For a special celebratory night, Crissey arranged for Chef Boris, accompanied by his wife as translator and his two teenage children as sous chefs, to make us dinner. It was intended to be part lesson and part family dinner, but Boris, who spoke virtually no English, was more a part of that meal than the tomatoes in the sauce. He was soft spoken and modest, but he commanded every tool and ingredient to dance with perfection. His hands were caked with dough as he kneaded the pasta and his red apron hid the bright red tomato stain splatters. He prepared chicken liver pate to spread on crusty Italian bread, spinach and ricotta ravioli topped with chunky tomato sauce and shredded parmesan, roasted beef, and a decadent pear strudel. This was exactly what I had always pictured when I thought of a Tuscan dinner.
I miss my friends from home dearly and think of them all the time, but along the way, I have been surprised by the people that I stay in touch with more regularly and the people that I don’t. I’ve been surprised by the people that make the effort and those that don’t, even if it’s just a quick email or text message from time to time, I regard each like a big hug and you’ll never know how much it means to me. Everyone has a busy life and we all make time for things or people that are important to us, but being so far away I know it takes even extra effort and extra consciousness to maintain relationships at home. I met Jen, one of my dearest friends, when she came to my bachelorette party 16 years ago. Greg had brought her as his date to our wedding so it made sense to include her with the rest of the party.

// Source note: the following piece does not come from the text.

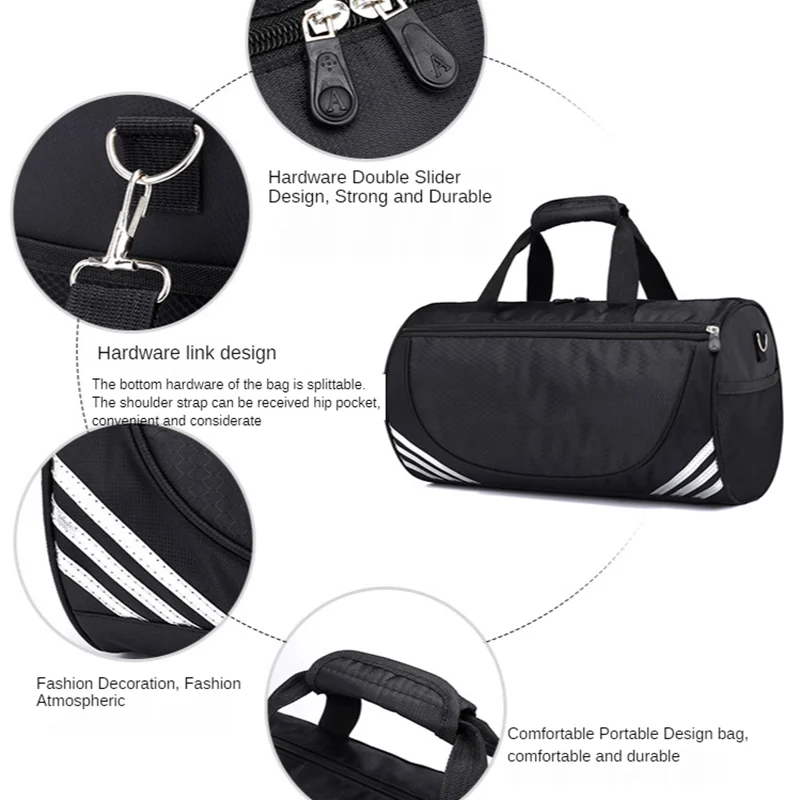 Wholesale Top Quality Traveling Bag Custom Grid ripstopTravel Bag Sports gym bag with shoe compartment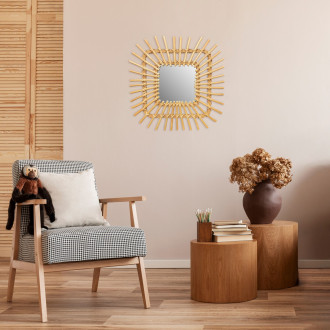 Nástěnné zrcadlo Boho 45CM QDJ071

The rest is history. They now have two busy boys with the standard crazy schedule of hockey, soccor, piano, etc, etc. Even though I know we will always be friends, I never expected that she would find the capacity to stay in touch quite so well. We FaceTime once every couple of months and text fairly often and while I know she can’t understand my experiences any better or differently than anyone else, I am comforted by the fact that she tries.
When the last leftovers had been consumed and the last bottle of Sangiovese was empty, it was time to go. I reflected on my time in Tuscany with a genuine sense of satisfaction and content. I couldn’t truly expect to answer any of my self-involved questions. I don’t know if they could see the butterfly emerging from its cocoon or even if they had, if they would know what they were seeing in the first place. I had a wonderful time recounting the past and laughing until our bellies hurt even while I was becoming more aware that perhaps it won’t be so easy to just go home. For as much as I want to return one day, I’m not sure I will fit in anymore or where my place will be. My metamorphosis is still not complete just like everyone else experiences changes of their own as well. Sometimes life takes us down a strange road and we just have to go along for the ride to see where we end up.
Sending a huge thank you to the MacLeans for inviting me, welcoming me, and making me feel at home. I’m lucky to have friends and family like you!
Rhys, you have touched my heart. We truly enjoyed our time spent together. Families are made in many different ways. You will always be a very important part of ours.